Wir wollten den Ballettänzern mit Hilfe von Nik Haffner, der als Tänzer des Balletts die digitale Tanzschule redaktionell betreute, eine einfache und übersichtliche Bildschirmoberfläche bieten. Wir begannen mit dem Stück "Self Meant To Govern". Auf dem Bildschirm sieht man zuerst die sechs Tänzerinnen (in der Mitte der Musiker) wie Planeten um eine zentrale Uhr schweben. Die Uhr zeigt Buchstaben statt Zahlen. Jeder Körper steht stellvertretend für ein bestimmtest Thema der Tanzschule. Das Layout des Bildschirms folgt dem Bedürfnis von Tänzern, eine Bewegung im Kons Raumes und nicht nur flach auf dem Bildschirm zu erleben. An den Ecken des Bildschirms sind stets die Buchstaben "t" (für Theory), "e" (für Example), "r" (für Rehearsal) und "p" (für Performance) zu sehen, um die Orientierung jederzeit so einfach wie möglich zu halten. Von der "Theory", in der in der Regel William Forsythe selbst eine Einführung in die Bewegung per Video zeigt, gelangt man über die Felder "Example" zu vergleichenden Studien aus der Performance ("p") und den Proben ("r").

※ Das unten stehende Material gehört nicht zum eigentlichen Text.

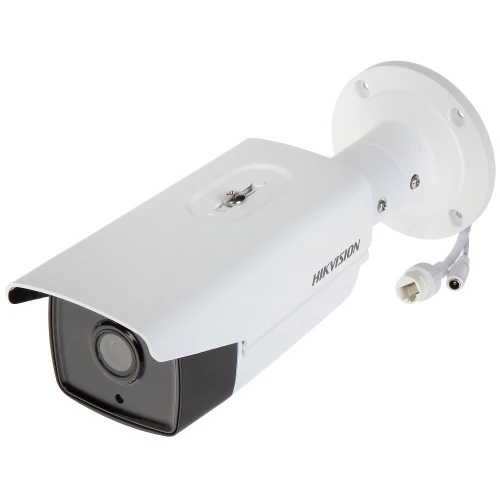 Kamera IP Hikvision DS-2CD2T43G0-I5 o rozdzielczości 4.0 MPX w białej obudowie z daszkiem ochronnym. Posiada złącza do podłączenia przewodów i jest przeznaczona do montażu na ścianie.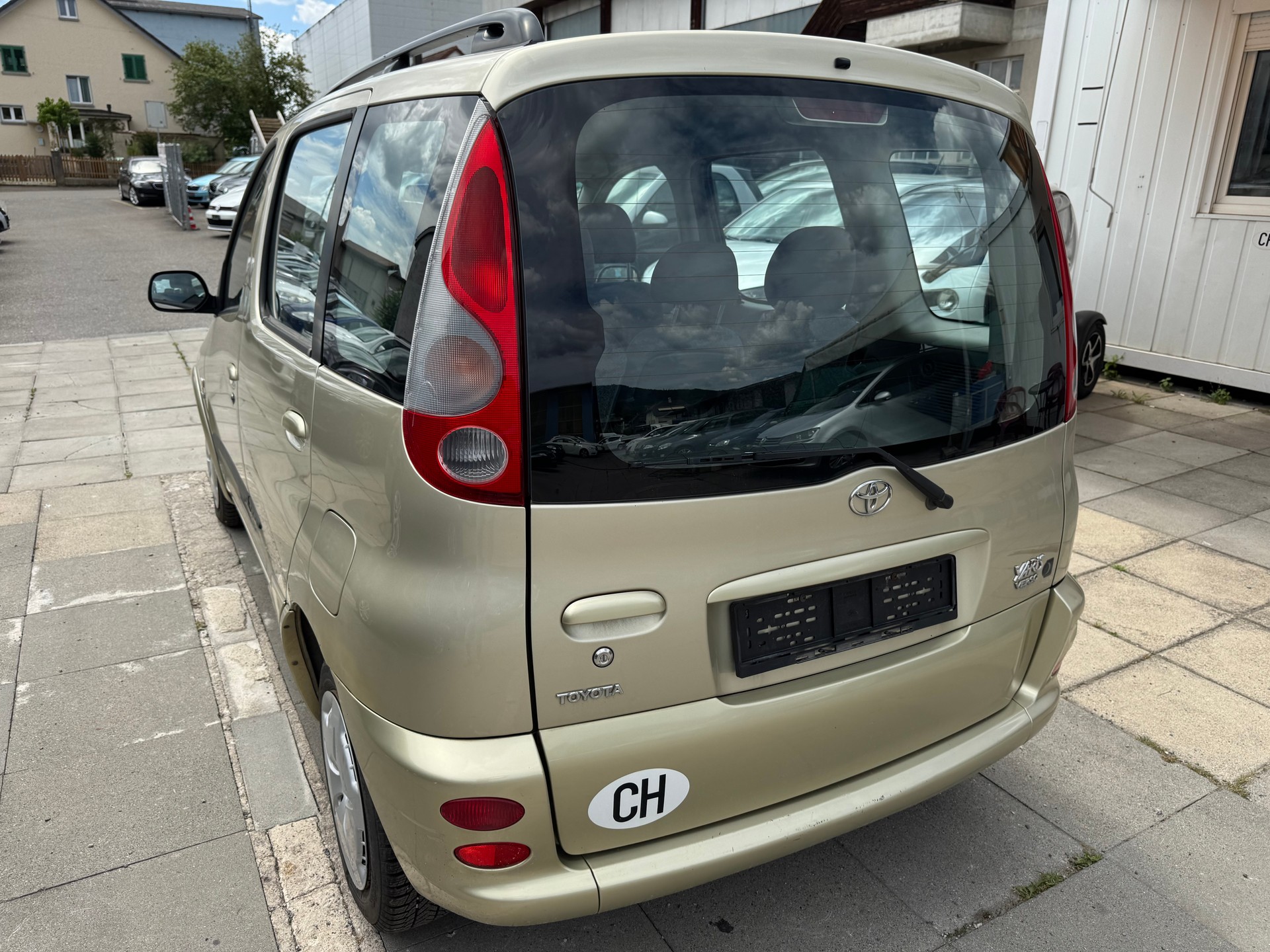 TOYOTA Yaris Verso 1.3 Linea Sol-image-5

Ein Beispiel, wie der Anwender sich durch die CD-ROM bewegt, ist die "Point-to-Point-Linie" als Teil von Forsythe Bewegungsgrammatik aus Punkt, Linie und Fläche. Während er eine Bewegungsgrammatik demonstriert, von Punkt zu Punkt, legten wir über diese Bewegung eine weisse Linie ("Layer"), um die Präzisieon dieser Bewegung zu verdeutlichen, die in den Ausschnitten aus den Proben- und Bühnenaufnahmen nicht so direkt ins Auge springen kann. Veranschaulicht werden Begriffe, die im tägliche Probenprozess zum Vokabular der Kompagnie gehören. Wenn forsythe von "Dropping Curves" spricht, erfährt der Tänzer spätestens auf der im Ballettsaal stehenden CD-ROM, wie hierbei die Schwerkraft den Körper in einer exakten "Punkt-Linienführung" zu Boden zwingt. Der Handballen liegt auf einer von uns animierten weissen Linien, die in einer Schwerkraftkurve zu Boden fährt. Die Anschauung einer Ballettbewegung dabei nicht nur auf der Bühne zu zeigen, war Absicht, als wir die Videodokumente von Probenprozessen in die Kapitel "Rehearsal" mit aufnahmen: Bewegung ist keine finale Form, sondern entwickelt sich aus dem Tänzer selbst heraus. So konnten wir zeigen, dass sie sich in der Zeit bis zur Aufführung auch ändern kann und wird.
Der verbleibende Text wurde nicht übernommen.